I'm using the Keras VGG16 model.
I've seen it there is a preprocess_input method to use in conjunction with the VGG16 model. This method appears to call the preprocess_input method in imagenet_utils.py which (depending on the case) calls _preprocess_numpy_input method in imagenet_utils.py.
The preprocess_input
has a mode
argument which expects "caffe", "tf", or "torch". If I'm using the model in Keras with TensorFlow backend, should I absolutely use mode="tf"
?
If yes, is this because the VGG16 model loaded by Keras was trained with images which underwent the same preprocessing (i.e. changed input image's range from [0,255] to input range [-1,1])?
Also, should the input images for testing mode also undergo this preprocessing? I'm confident the answer to the last question is yes, but I would like some reassurance.
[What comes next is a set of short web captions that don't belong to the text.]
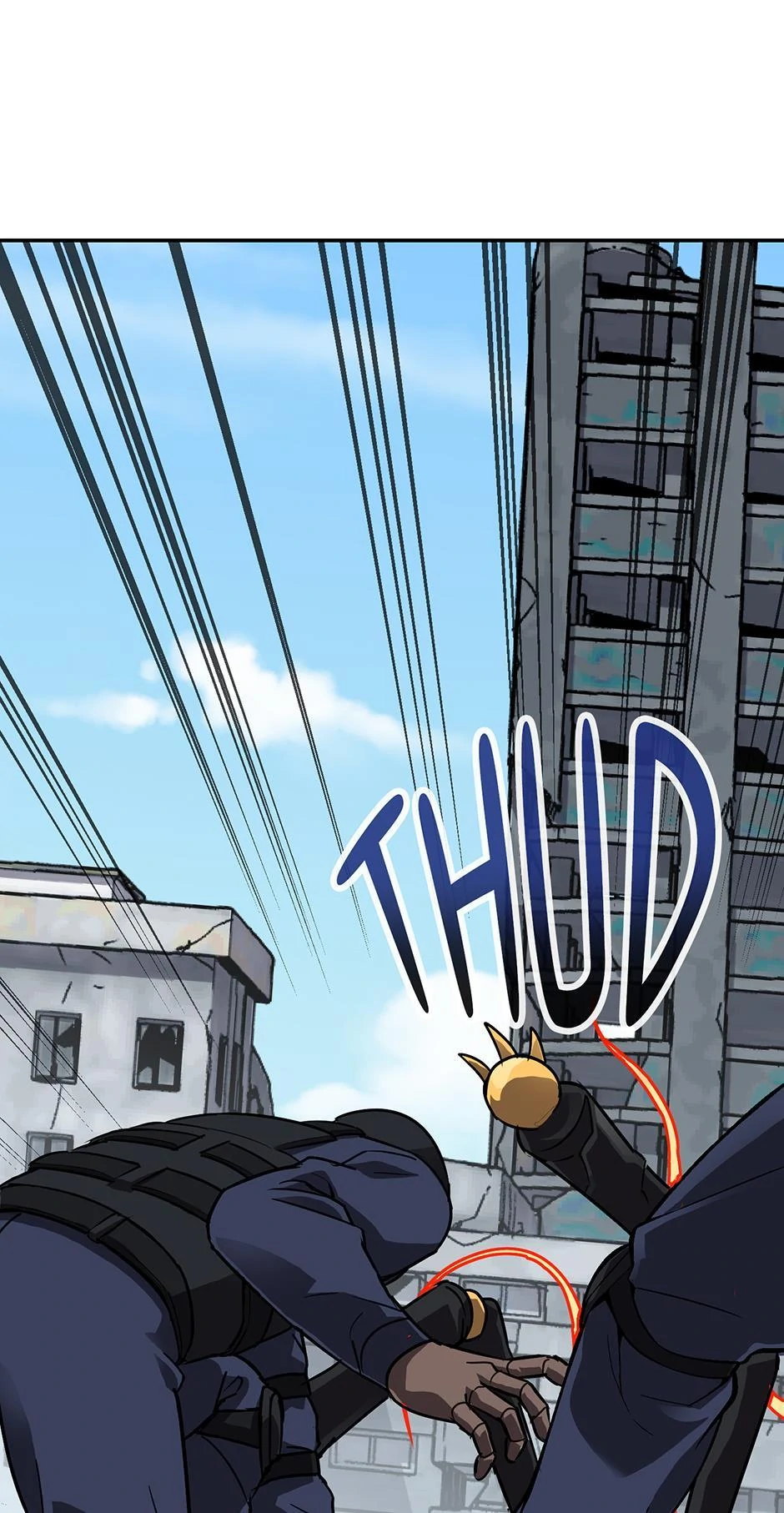Page 60 of Chapter 70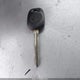 JTEDP21A04000369 2004 Toyota Highlander V6 auction photo thumbnail 11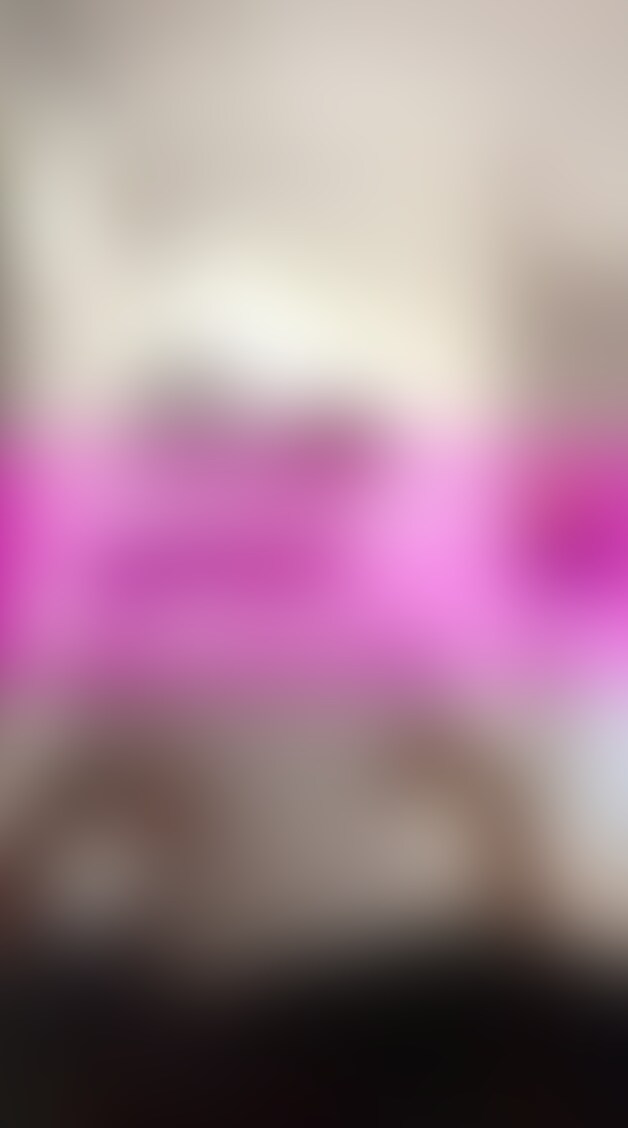 ð«¶æçš¿2人ç®ð«¶
183cm27æ³æ¶é²å£«ð
å 壿åžéžæäŒŒã®ãããã§å
å€å€çµããã§é§ãã€ããŠãããè²é»ã€ã±ã¡ã³åããç·ã®âââåããŠã§çäžãããã¡ãã£ãð
æã®äžããä¹³éŠè§Šã£ãã ãã§ãã³ãã³ã ããã¥ãŒãããã§ããŠãšããšãâ¡ãŸãã®ããã«ãã³ãããŠããŠãããã¿ããð¥º
ãã§ã©ããŠããããŸãã®ã尻觊ãå§ãããšäœèšã«ãã«ãã«ð
åã€ãéã粟åçµãäžã«ä¹³éŠèªåã§è§ŠãåºããæåŸã¯æ
ãç¡ããæŒããå°ç²Ÿð¥º
ãä»äºäžèŠããªãå§¿â€ïž (2/2)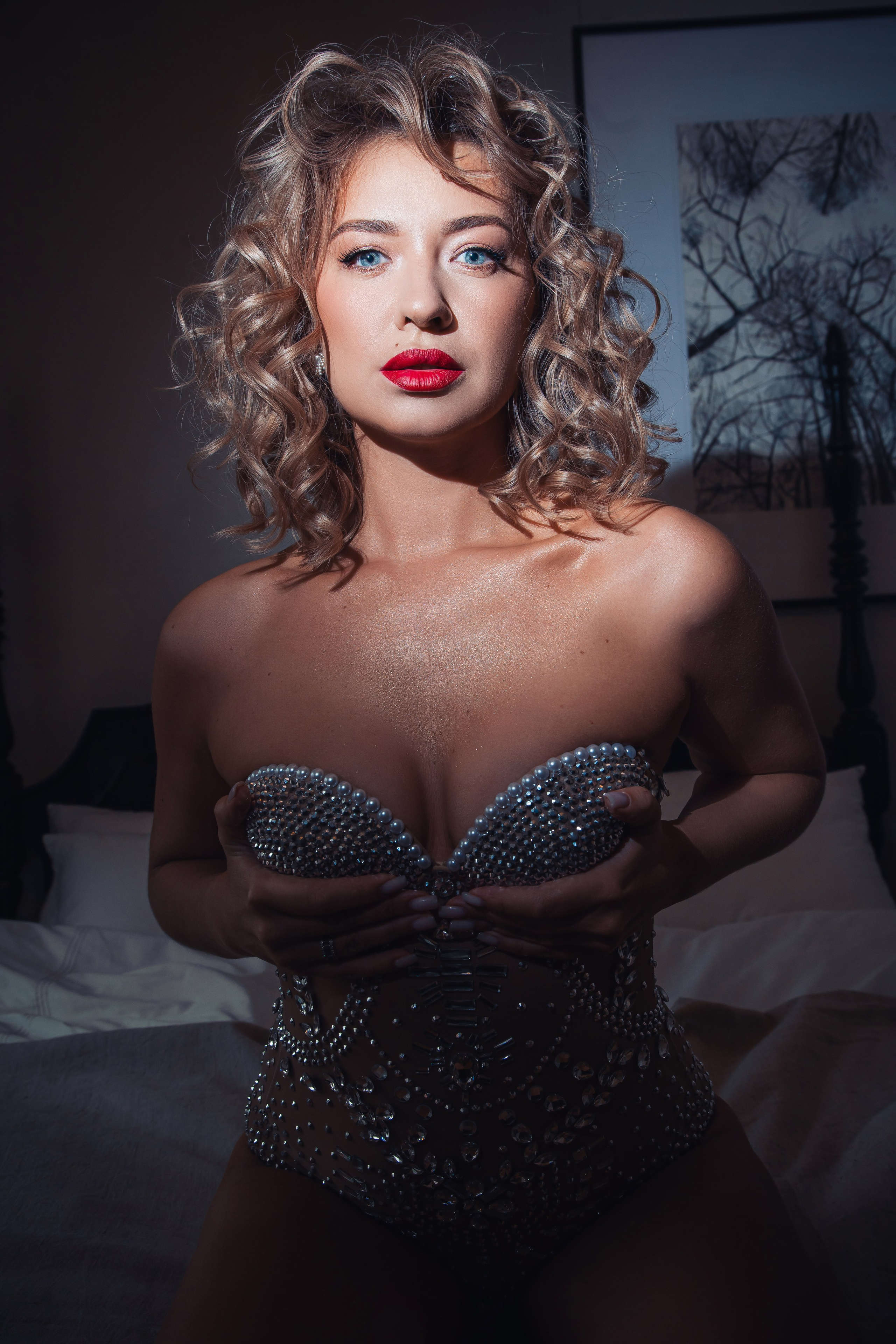 CLIENTS. Фотограф Москва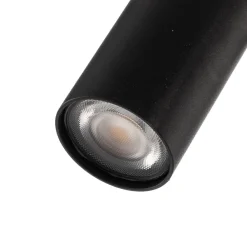 60 cm højt LED-spot Seth-60 med jordspyd^FARO BARCELONA Hot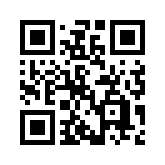 QR-Code https://ppt.cc/iE9f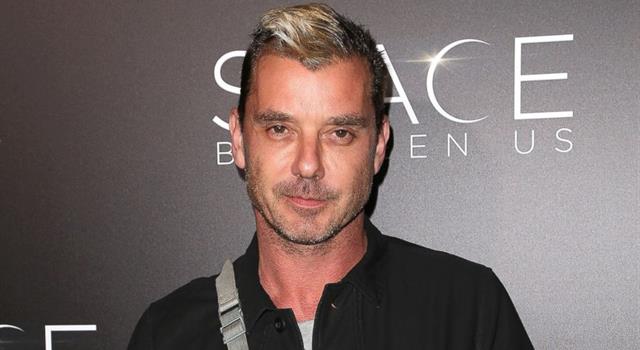 Society Trivia Question: Which model is the daughter of musician Gavin Rossdale?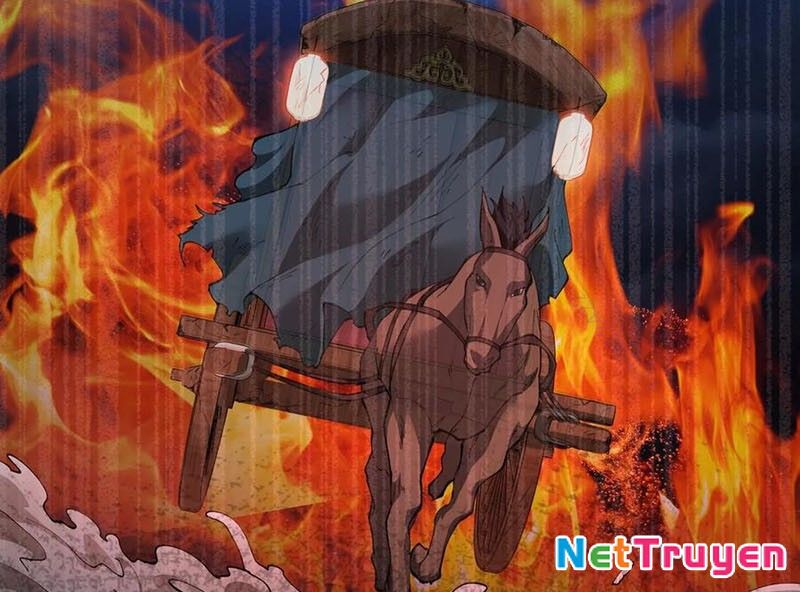 Ta Học Trảm Thần Trong Bệnh Viện Tâm Thần Chapter 220 - Trang 2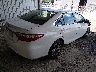 4T1BF1FK0HU****** Salvamento y Destrozados 2017 Toyota Camry en Estado de Luisiana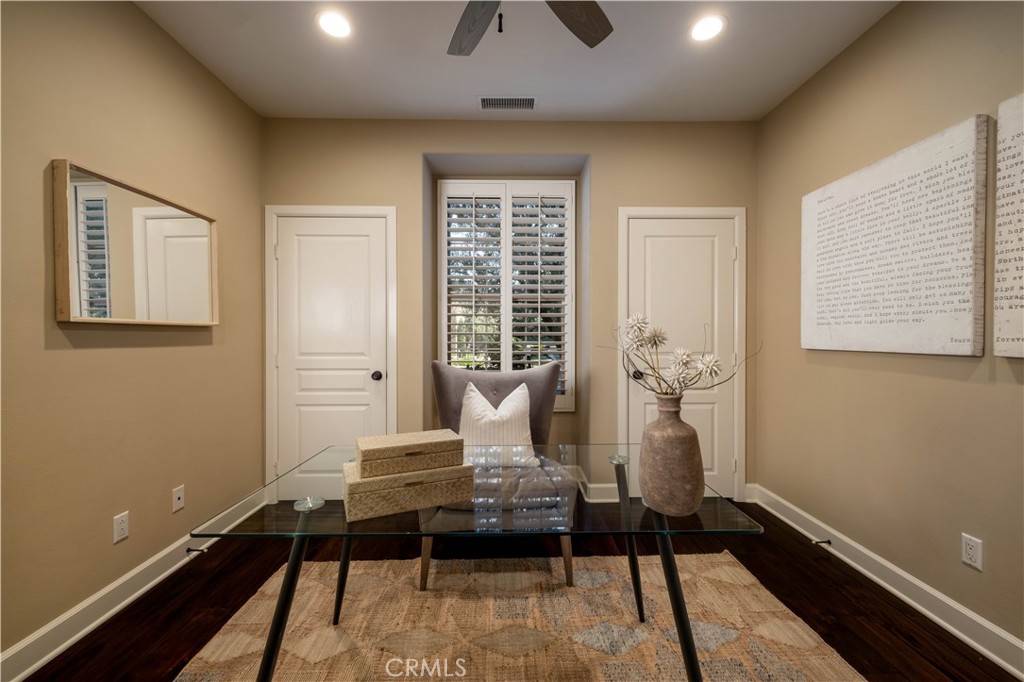 33 Jasper, Irvine CA 92618 - photo 17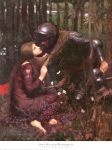 Il tuo Cavaliere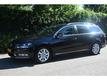 Volkswagen Passat Variant 2.0 TDI COMFORTLINE BLUEMOTION AUTOMAAT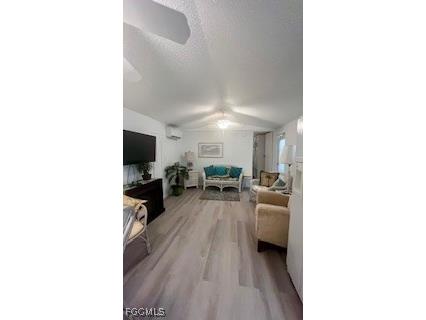 16927 Captains Drive Bokeelia FL 33922 2025003685 image12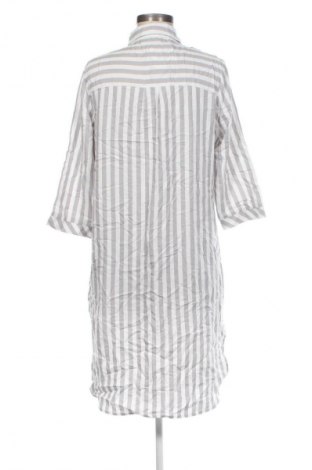 Šaty  Yessica, Veľkosť M, Farba Viacfarebná, Cena  8,95 €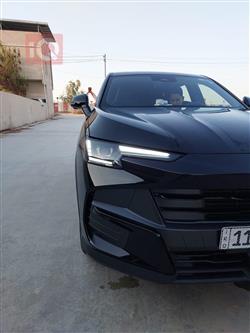 جيتور L6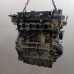 Двигатель Volvo S60 S60 2010-2018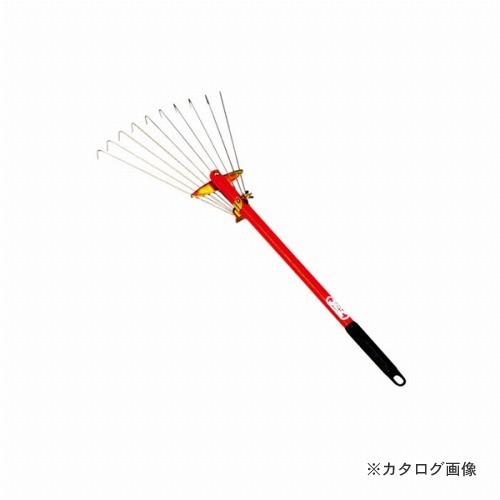 八ツ矢 ミニくまで 丸線 #55525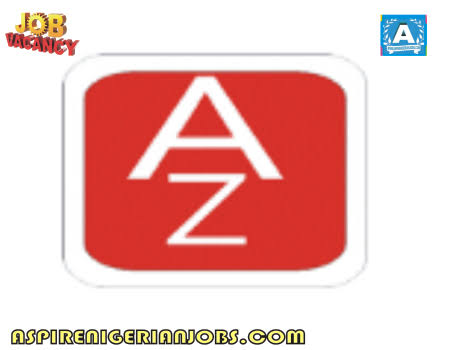AMA-ZUMA GROUP JOB RECRUITMENT (12 POSITIONS) 1 images%2B%252817%2529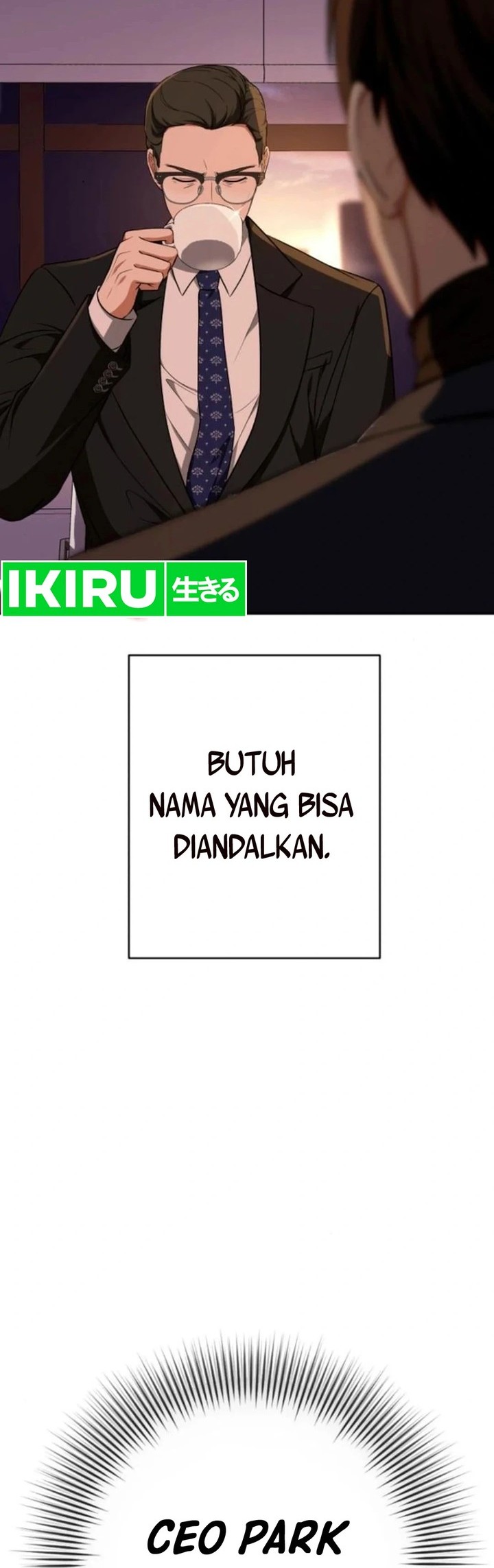 Chapter 13 - halaman 41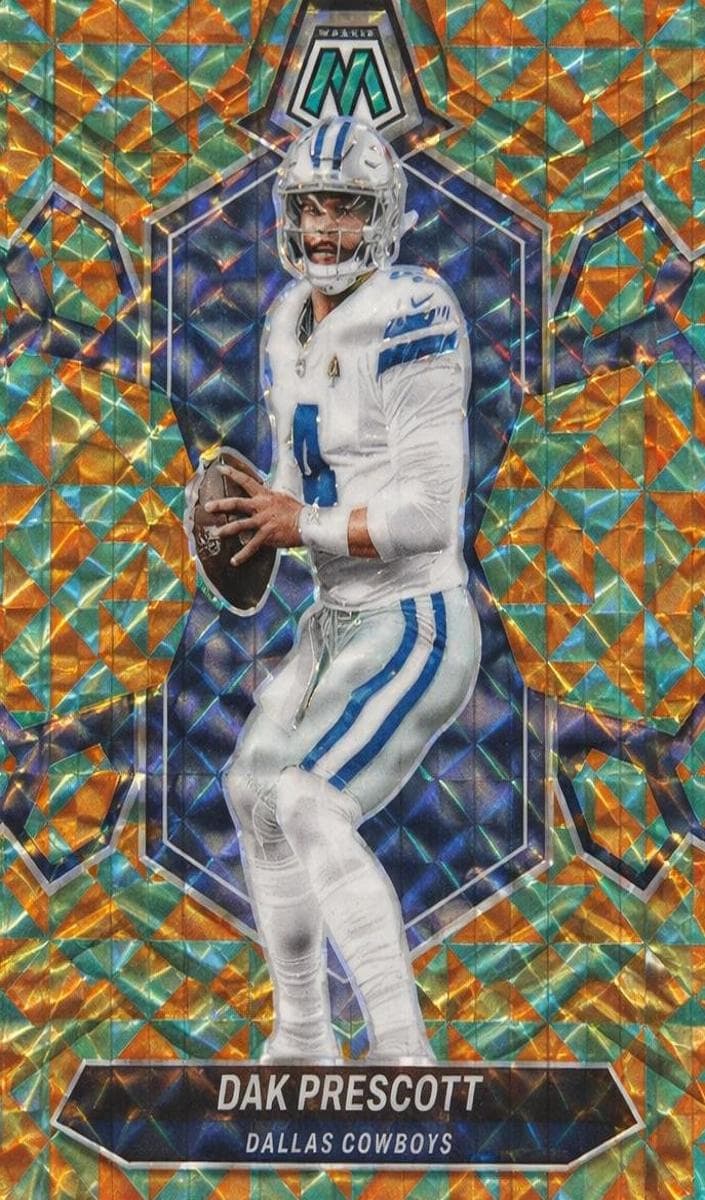 #57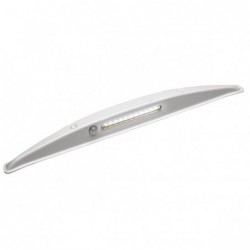 Led illuminator with motion... 2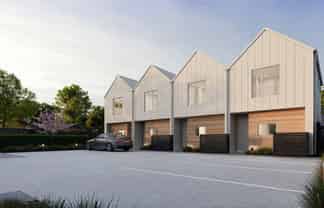 135 Grace Road, Tauranga South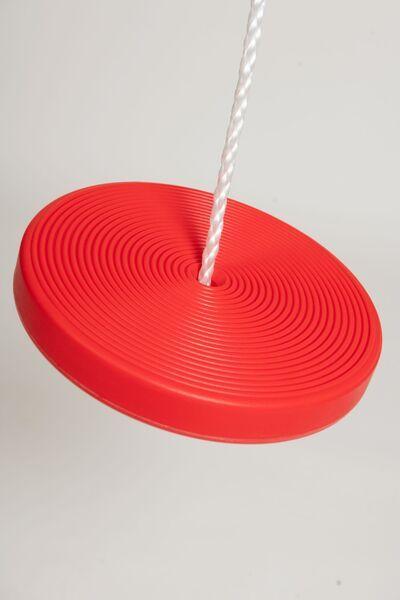 Produktbild Outdoor Active Tellerschaukel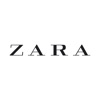 ZARA for iPad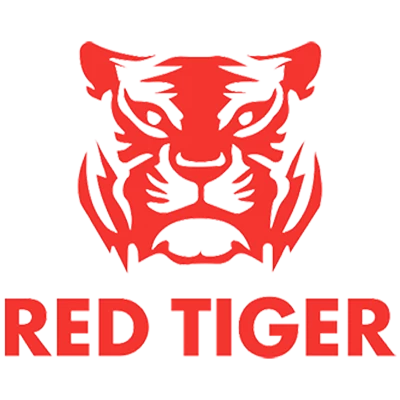 Best Red Tiger Online Casinos in India 2024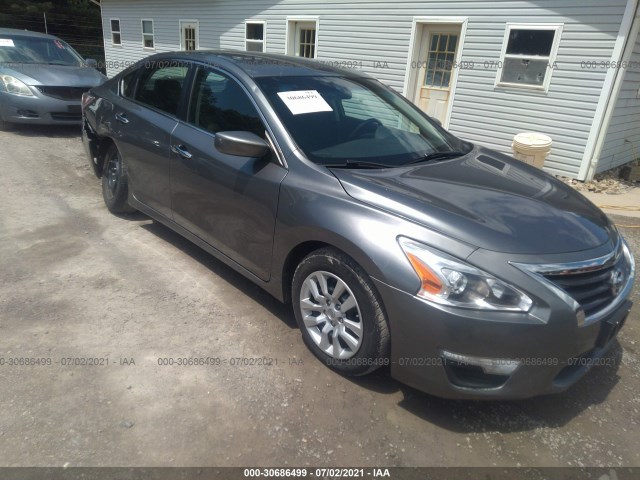 NISSAN ALTIMA 2014 1n4al3ap6ec404098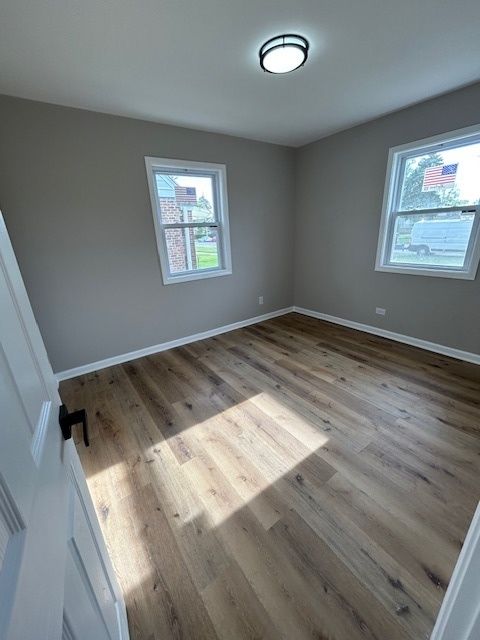 Tiny photo for 1473 Wentworth Avenue, Calumet City, IL 60409 (MLS # 12550809)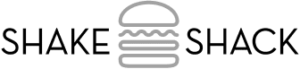 shake shack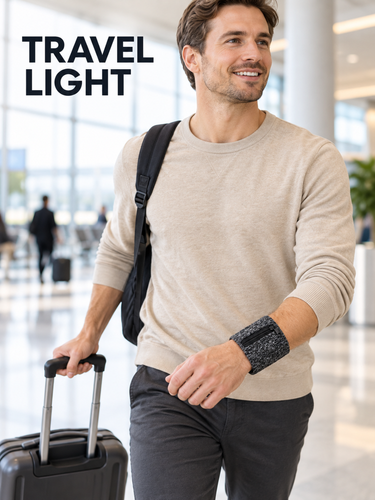 05 travel light.png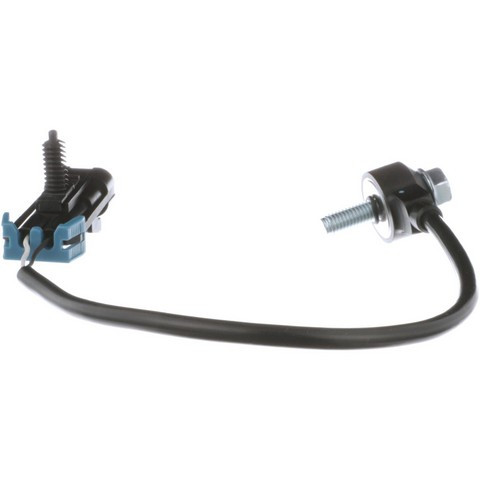 Standard Ignition Ignition Knock (Detonation) Sensor KS152 - view 7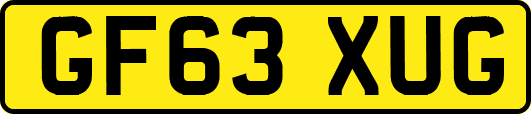 GF63XUG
I would expect Francois Chollet to have done it correctly, but looking at https://github.com/fchollet/deep-learning-models/blob/master/vgg16.py either he is or I am wrong about using mode="tf"
.
Updated info
@FalconUA directed me to the VGG at Oxford which has a Models section with links for the 16-layer model. The information about the preprocessing_input
mode
argument tf
scaling to -1 to 1 and caffe
subtracting some mean values is found by following the link in the Models 16-layer model: information page. In the Description section it says:
"In the paper, the model is denoted as the configuration D trained with scale jittering. The input images should be zero-centered by mean pixel (rather than mean image) subtraction. Namely, the following BGR values should be subtracted: [103.939, 116.779, 123.68]."